While the proposed method is computationally cheap and easy to implement, it relies on certain ad-hoc assumptions and constraints that can influence the accuracy of the results. The first assumptions are imbedded in the source localization method used to solve the inverse problem. Here, we used the linear inverse solution LAURA which assumes that the strength of each source falls off with the reciprocal of the cubic distance for vector fields and with the reciprocal of the squared distance for potential fields, according to Maxwell’s laws of electromagnetic field (De Peralta Menendez et al. 2004). Other assumptions might lead to different results. The second constraint lies in the definition of the regions of interest in the parcellation of the brain.
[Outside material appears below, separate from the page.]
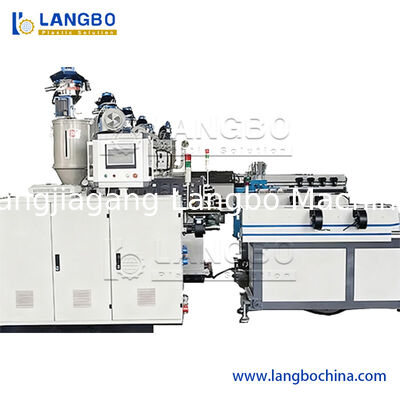 Plastic PVC HDPE PPR PP Pipe Production Line / HDPE Dwc Corrugated Pipe Hose Tube Extrusion Production Line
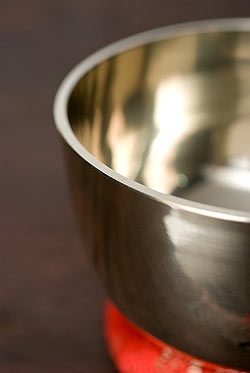高音質シンプルシンギングボウル 14.7cm - サブ2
Here, we used anatomic ROI definitions as proposed in previous studies (Coito et al. 2016; Milde et al. 2010; Astolfi et al. 2007) which might lead to wrong connectivity estimations in cases where estimated sources cross anatomical boundaries or when distinct sources are located in the same anatomical region (Daunizeau and Friston 2007). Anatomical segmentation is appropriate in structures that are anatomically well defined, but are less ideal in areas such as the frontal and parietal cortices, where there is the risk of mixing temporal signals into heterogeneous ROIs (Constable et al. 2013). Analysing the patterns and the frequency content of the final waveforms computed through SVD, e.g., Fig. 2, and checking the explained variability of each singular vector, e.g., Figs. 5 and 8, can lead the user to choose the most suitable parcellation.

Since the results may be influenced by the choice of the algorithm for estimating the source waveforms and from the brain parcellation, there are other approaches to define EEG networks that circumvent the issue of how to best segment the source maps into ROIs by explaining the EEG in terms of a discrete set of causally interacting clusters (Olier et al. 2013). While such direct approaches are theoretically appealing since they are based on a generative model of how the data are probabilistically produced, they also rely on several a-priori assumptions and include many parameters, leading to significant computational costs. The main assumptions in one direct approach (Olier et al. 2013) are that the dynamics of the sources can be modelled as random fluctuations of a small number of mesostates interacting according to a full Dynamical Causal Network that can be estimated and the dynamics of the mesostates can switch between multiple approximately linear operating regimes stable over finite periods of time. Critically, this model accommodates constraints on the number of meso-sources (a meso-source represents the mean field approximation to its underlying neuronal population dynamics), while retaining the flexibility of distributed source models in explaining the data (Daunizeau and Friston 2007). For experimental situations in which there is some a priori belief that there are multiple approximately linear dynamical regimes, this direct approach provides a natural modelling tool (Olier et al. 2013).

Whether applying a direct method based on Bayesian statistics or a two-stage method, as the one proposed in this work, depends on the user hypothesis and the final application. On the one hand, Bayesian approaches provide a natural and principled way of combining prior information with the data, within a solid decision theoretical framework, but it comes with a high computational cost, and user prior assumptions have to be translated into a mathematically formulated prior. Posterior distributions can be heavily influenced by these priors. On the other hand, two-stage approaches do not need to define priors and they are less computational demanding, but they may be influenced by the choice of the algorithm for estimating the source waveforms and from the anatomical segmentation used to define the ROIs. Our intention was to estimate source activity in the whole brain without any a priori assumption about the generative model of how the data are probabilistically produced. In our opinion, such an approach is preferred in studies that aim to compare and combine the effective connectivity among ROIs with the structural connectivity estimated by diffusion MRI in the same framework.